On June 3, 2016, the Los Angeles City Council tentatively approved to the new minimum wage ordinance that is closely in sync (BUT at a faster pace) with the State Legislature’s Senate Bill 3 titled: “Minimum Wage: In-Home Supportive Services: Paid Sick Days.” (Click here to read our blog about it.) This ordinance was finally approved a week later on June 10, 2016 and signed into effect by Mayor Eric Garcetti.
Beginning on July 1, 2016, this ordinance raises the minimum wage of employees within the city of Los Angeles to $10.50 per hour for businesses with 26 or more employees. Businesses with fewer employees are allowed to delay the increase for one year.

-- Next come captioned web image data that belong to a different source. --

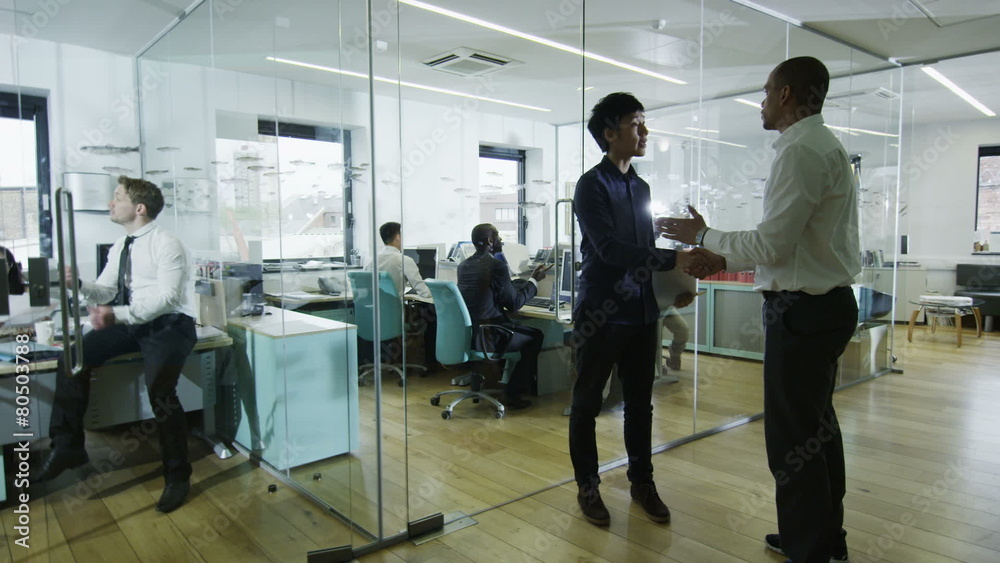 Young creative business team working together in a light contemporary office Young creative business team working together in a light contemporary office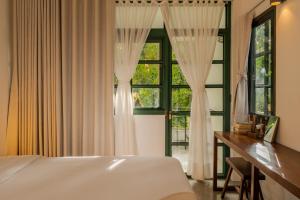 a bedroom with a bed and a desk and a window at Big Tree Boutique Hotel in Ko Tao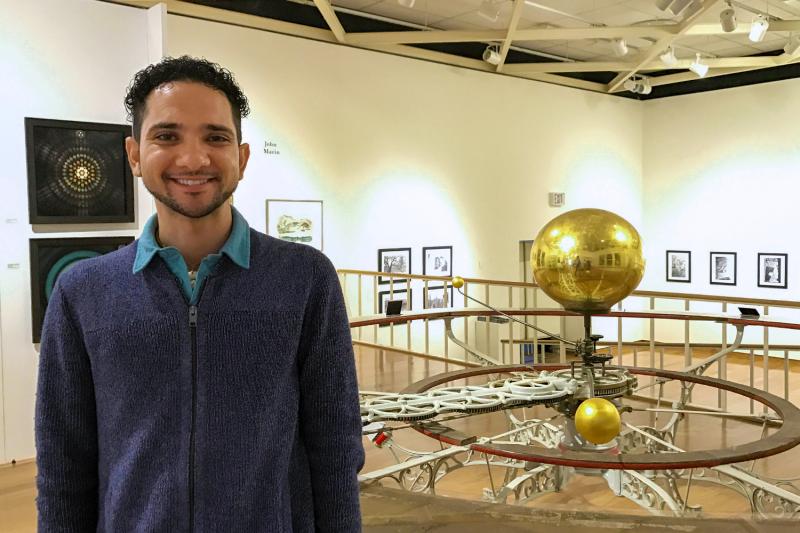 Science writer standing in front of a solar system installation in a musuem.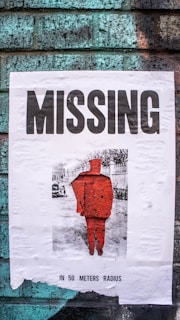 A close-up of a missing child's photo pinned on a community bulletin board surrounded by supportive notes.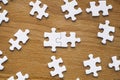 Puzzle pieces are connected. White puzzle pieces on a wooden table background. Business, partner, solution, alliance Royalty Free Stock Photo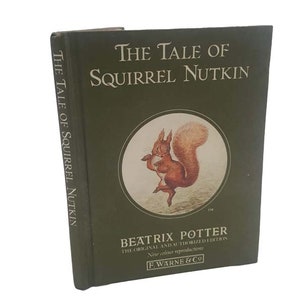 May include: A green book cover with the title "The Tale of Squirrel Nutkin" in white text. The cover features an illustration of a red squirrel holding a nut, against a white background.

By July 2017, the wage will then go up to $12 per hour; $13.25 by July 2018; $14.25 per hour by July 2019; and ultimately to $15 per hour by July 2020 (with a corresponding increase for smaller employers with fewer than 26 employees to follow a year after each applicable date). Once the minimum wage reaches $15 per hour for both small and large employers by 2021, the ordinance additionally calls for a continued increase in 2022, based on the then current cost of living.
This ordinance and Senate Bill 3 both aim to increase the minimum wage to $15 per hour; however, their schedules of increase are on different timelines. The City of Los Angeles is on a much faster pace than the State of California.
If you are currently employed and are being paid less than the statutorily mandated amount, you may very well have a legal claim against your employer and should immediately seek legal representation.